Yellow Mountain I: up the eastern steps to the North Sea(1)

By LEMONCACTUS  2012-1-6 16:57:51

Introduction to three Articles

In an effort to spice up what would otherwise have been a largely forgettable New Year, I came up with a last minute plan to spend three days at Yellow Mountain. I have divided my journey into three, as follows:

Yellow Mountain I: Climbing the Eastern Route, exploring Beihai (the North Sea area), nightfall

Yellow Mountain II: Sunrise at Brightness Top, exploring the summit area, the North Route via the Taiping cable car, sunset at Lion Peak.

Yellow Mountain III: Sunrise at Lion Peak, descending via the Western Route

I include a substantial section at the end covering climbing times, ticket prices, accommodation, weather and other information travellers might find useful. Messing Around on Buses

It's 5 am, Nov 30 2007, and my alarm is doing its best to remind me that I'm crazy. I don't need reminding. I step out of my woolly warmth into the freezing room. I have a 6 am bus to catch and no ticket as yet.

The trouble with last minute ideas, especially in China, is that the convenient travel options are already sold out. So the quick, comfy 2.5 hour bus from Hangzhou is out, and the minibus to some place I've never heard of, which is close to Yellow Mountain and from where I can get another bus to reach a village even closer to Yellow Mountain, is in.

I make what I believe are cautious time predictions and hope to be at Yellow Mountain around 12noon but it is actually 2:15pm in the afternoon when I reach the foot of the Eastern Route (or eastern steps) and begin my climb.

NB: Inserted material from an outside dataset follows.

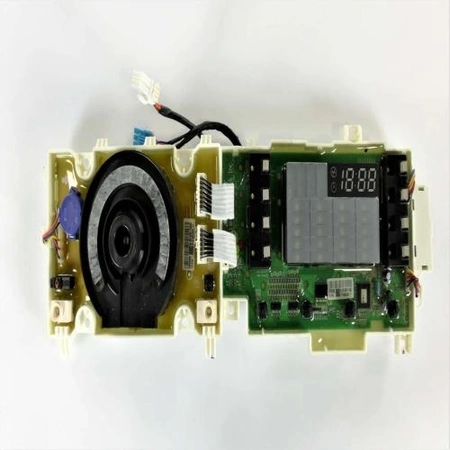 EBR82938801 LG Power Control Board Display
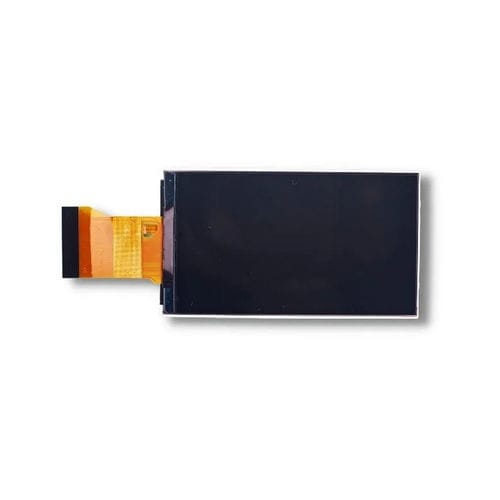 Блок индикации TFT LCD - TTS030BHI-01 - TAILOR PIXELS TECHNOLOGY CO., LTD. - 320x240 / 3" / RGB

Disappointment on the Eastern Steps

As usual with climbing mountains in China, there are hundreds of people milling around the entrance to the Eastern Route and I am swept along, unsure of where to begin the climb in the chaos of big tour groups, car parks and cable car ticket booths.

Climbing the mountain, via the steps it seems is the least popular option and on first passing it, I miss the steps leading up to the gate and end up at the cable car entrance. The ticket seller kindly redirects me and I'm happily going against the flow of visitors to the almost empty steps.

There's no queue and I buy my ticket with ease, breezing through the gates with my little backpack and newly purchased "Huangshan" wool hat.

I'm immediately reminded of Taishan Mountain. I think it is the wintry color of the scenery. The sky is hazy with cloud, the steps are that insipid color of grey cement and the earth is bare and brown. Unlike Taishan, there aren't the vigorous carvings of poetry on the rocks at every turn and the lack of flowers or deviation from the monotones of brown and grey make me initially very disappointed.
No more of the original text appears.